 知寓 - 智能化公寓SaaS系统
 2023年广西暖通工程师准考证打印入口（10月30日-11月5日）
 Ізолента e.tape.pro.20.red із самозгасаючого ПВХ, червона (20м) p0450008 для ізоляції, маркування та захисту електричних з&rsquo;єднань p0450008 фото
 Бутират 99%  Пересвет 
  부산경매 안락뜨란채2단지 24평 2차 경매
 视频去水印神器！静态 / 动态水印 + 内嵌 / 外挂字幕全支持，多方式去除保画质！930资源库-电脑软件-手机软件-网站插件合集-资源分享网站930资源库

======

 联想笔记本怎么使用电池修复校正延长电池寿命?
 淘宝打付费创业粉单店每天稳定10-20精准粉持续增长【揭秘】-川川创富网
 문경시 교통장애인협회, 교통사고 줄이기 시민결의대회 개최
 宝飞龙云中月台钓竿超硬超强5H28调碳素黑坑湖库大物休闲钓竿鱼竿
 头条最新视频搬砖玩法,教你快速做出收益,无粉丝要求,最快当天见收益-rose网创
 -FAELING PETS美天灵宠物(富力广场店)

======

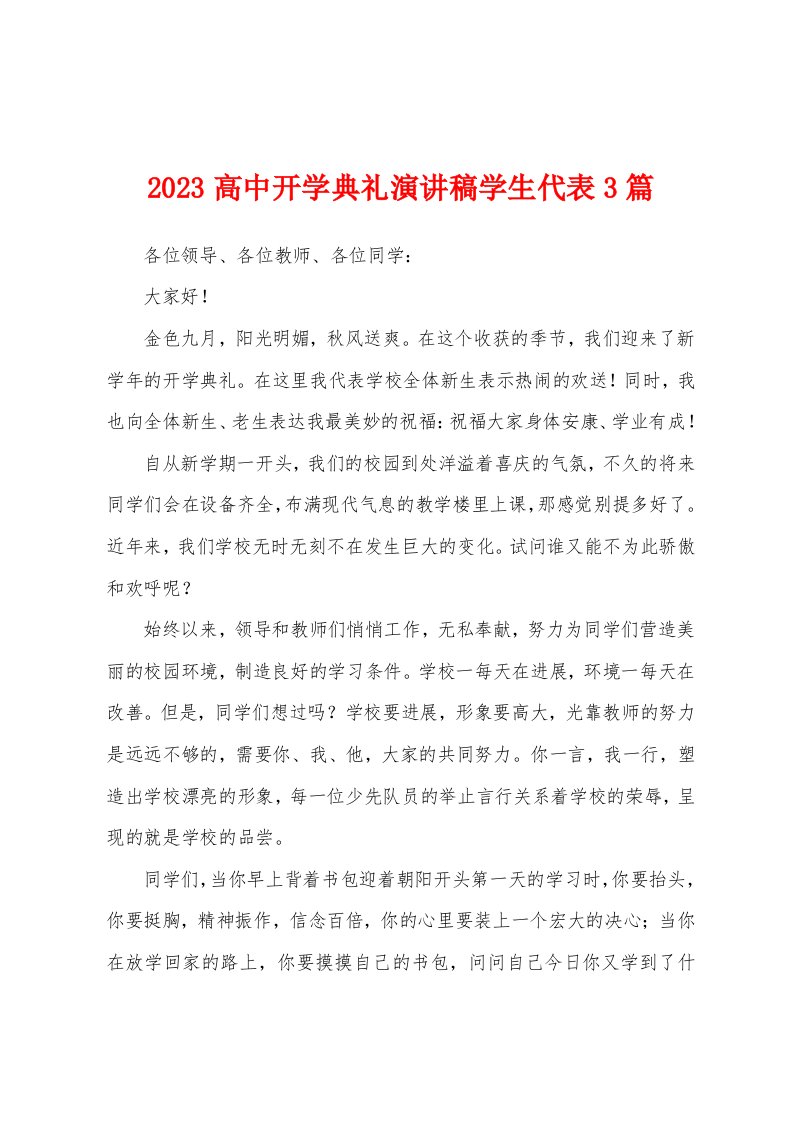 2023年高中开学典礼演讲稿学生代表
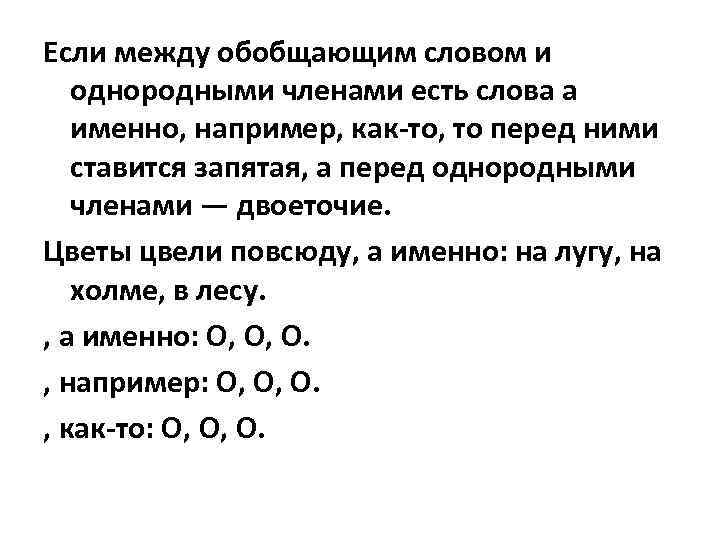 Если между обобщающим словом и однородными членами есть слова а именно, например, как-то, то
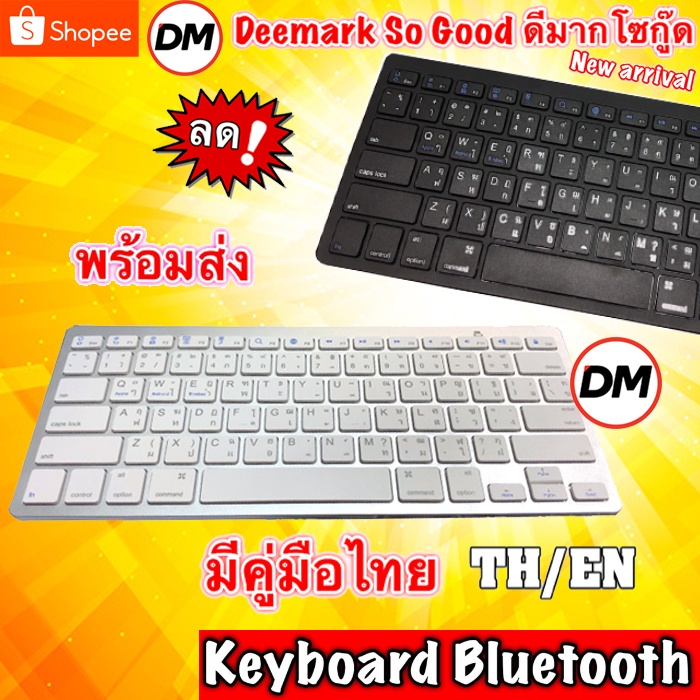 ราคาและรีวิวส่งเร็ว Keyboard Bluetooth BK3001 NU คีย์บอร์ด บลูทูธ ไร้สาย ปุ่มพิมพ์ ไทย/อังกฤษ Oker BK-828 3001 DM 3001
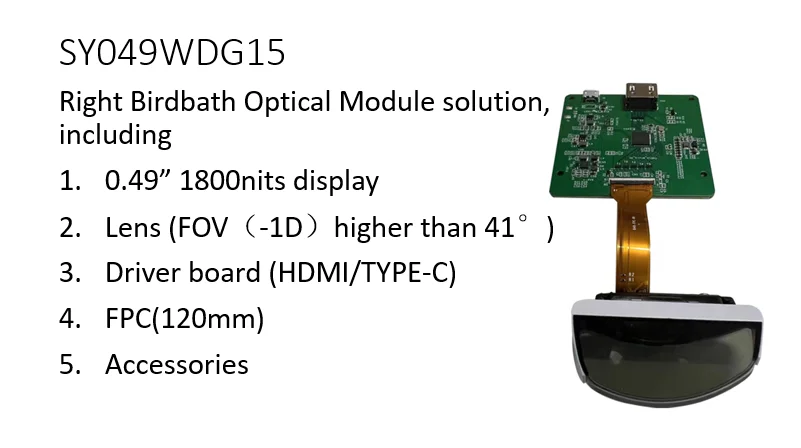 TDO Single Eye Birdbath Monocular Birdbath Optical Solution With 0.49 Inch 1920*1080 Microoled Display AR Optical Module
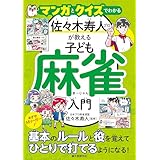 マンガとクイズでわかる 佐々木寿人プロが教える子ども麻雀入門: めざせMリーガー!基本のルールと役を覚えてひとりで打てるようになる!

======

What to produce:
In the entries above, restate word for word the lines between the one holding "知寓 - 智能化公寓SaaS系统" and the one holding "视频去水印神器！静态 / 动态水印", inclusive, and nothing besides.

Solved problem:
 知寓 - 智能化公寓SaaS系统
 2023年广西暖通工程师准考证打印入口（10月30日-11月5日）
 Ізолента e.tape.pro.20.red із самозгасаючого ПВХ, червона (20м) p0450008 для ізоляції, маркування та захисту електричних з&rsquo;єднань p0450008 фото
 Бутират 99%  Пересвет 
  부산경매 안락뜨란채2단지 24평 2차 경매
 视频去水印神器！静态 / 动态水印 + 内嵌 / 外挂字幕全支持，多方式去除保画质！930资源库-电脑软件-手机软件-网站插件合集-资源分享网站930资源库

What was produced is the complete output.